* Assigned task *
Please retype the line that contains "Hotel Tharu Garden, Sauraha" and all lines that follow it to the end of the entries below, exactly as they stand, with nothing added.

(Dataset entries)
********************
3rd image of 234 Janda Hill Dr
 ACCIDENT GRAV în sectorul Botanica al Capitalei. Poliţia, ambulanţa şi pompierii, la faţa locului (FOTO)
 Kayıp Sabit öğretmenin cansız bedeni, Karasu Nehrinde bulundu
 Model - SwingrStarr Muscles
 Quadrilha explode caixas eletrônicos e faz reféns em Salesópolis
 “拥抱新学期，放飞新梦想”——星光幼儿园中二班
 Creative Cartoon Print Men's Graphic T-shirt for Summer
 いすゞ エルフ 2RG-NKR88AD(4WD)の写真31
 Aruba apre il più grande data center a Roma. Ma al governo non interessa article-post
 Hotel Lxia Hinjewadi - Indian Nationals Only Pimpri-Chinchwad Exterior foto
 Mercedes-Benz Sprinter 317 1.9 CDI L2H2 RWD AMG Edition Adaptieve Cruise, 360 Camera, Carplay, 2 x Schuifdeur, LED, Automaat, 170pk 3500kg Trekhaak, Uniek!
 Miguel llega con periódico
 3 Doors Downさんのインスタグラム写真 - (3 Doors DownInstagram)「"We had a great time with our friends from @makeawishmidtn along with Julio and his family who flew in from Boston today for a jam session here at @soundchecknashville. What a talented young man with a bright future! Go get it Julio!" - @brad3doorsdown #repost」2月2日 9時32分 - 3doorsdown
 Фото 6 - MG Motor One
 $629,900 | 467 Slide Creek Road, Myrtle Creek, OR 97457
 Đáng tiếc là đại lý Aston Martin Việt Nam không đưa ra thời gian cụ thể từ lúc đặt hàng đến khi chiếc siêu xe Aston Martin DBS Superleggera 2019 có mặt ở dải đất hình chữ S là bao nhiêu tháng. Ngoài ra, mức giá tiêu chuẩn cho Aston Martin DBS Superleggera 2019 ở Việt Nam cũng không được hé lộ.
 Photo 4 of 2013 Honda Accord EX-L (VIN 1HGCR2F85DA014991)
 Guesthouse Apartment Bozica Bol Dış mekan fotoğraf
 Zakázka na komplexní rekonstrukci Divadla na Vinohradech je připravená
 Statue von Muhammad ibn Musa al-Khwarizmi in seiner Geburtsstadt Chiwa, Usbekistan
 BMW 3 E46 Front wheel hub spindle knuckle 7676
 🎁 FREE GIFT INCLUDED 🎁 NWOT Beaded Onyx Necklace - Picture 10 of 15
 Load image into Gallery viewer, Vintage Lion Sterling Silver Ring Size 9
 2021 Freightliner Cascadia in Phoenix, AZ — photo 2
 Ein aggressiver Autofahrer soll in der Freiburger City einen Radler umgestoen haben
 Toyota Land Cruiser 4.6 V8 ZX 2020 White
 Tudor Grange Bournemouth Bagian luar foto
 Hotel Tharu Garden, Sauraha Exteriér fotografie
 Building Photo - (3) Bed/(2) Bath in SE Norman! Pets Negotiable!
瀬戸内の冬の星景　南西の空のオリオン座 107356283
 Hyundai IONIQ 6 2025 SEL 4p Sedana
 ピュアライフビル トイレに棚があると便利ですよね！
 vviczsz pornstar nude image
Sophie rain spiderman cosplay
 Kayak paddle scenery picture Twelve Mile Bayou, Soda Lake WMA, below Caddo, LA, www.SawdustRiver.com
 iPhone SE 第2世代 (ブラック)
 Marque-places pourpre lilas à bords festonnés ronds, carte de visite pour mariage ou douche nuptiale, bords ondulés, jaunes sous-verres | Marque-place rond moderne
********************
* Exercise response *
 Hotel Tharu Garden, Sauraha Exteriér fotografie
 Building Photo - (3) Bed/(2) Bath in SE Norman! Pets Negotiable!
瀬戸内の冬の星景　南西の空のオリオン座 107356283
 Hyundai IONIQ 6 2025 SEL 4p Sedana
 ピュアライフビル トイレに棚があると便利ですよね！
 vviczsz pornstar nude image
Sophie rain spiderman cosplay
 Kayak paddle scenery picture Twelve Mile Bayou, Soda Lake WMA, below Caddo, LA, www.SawdustRiver.com
 iPhone SE 第2世代 (ブラック)
 Marque-places pourpre lilas à bords festonnés ronds, carte de visite pour mariage ou douche nuptiale, bords ondulés, jaunes sous-verres | Marque-place rond moderne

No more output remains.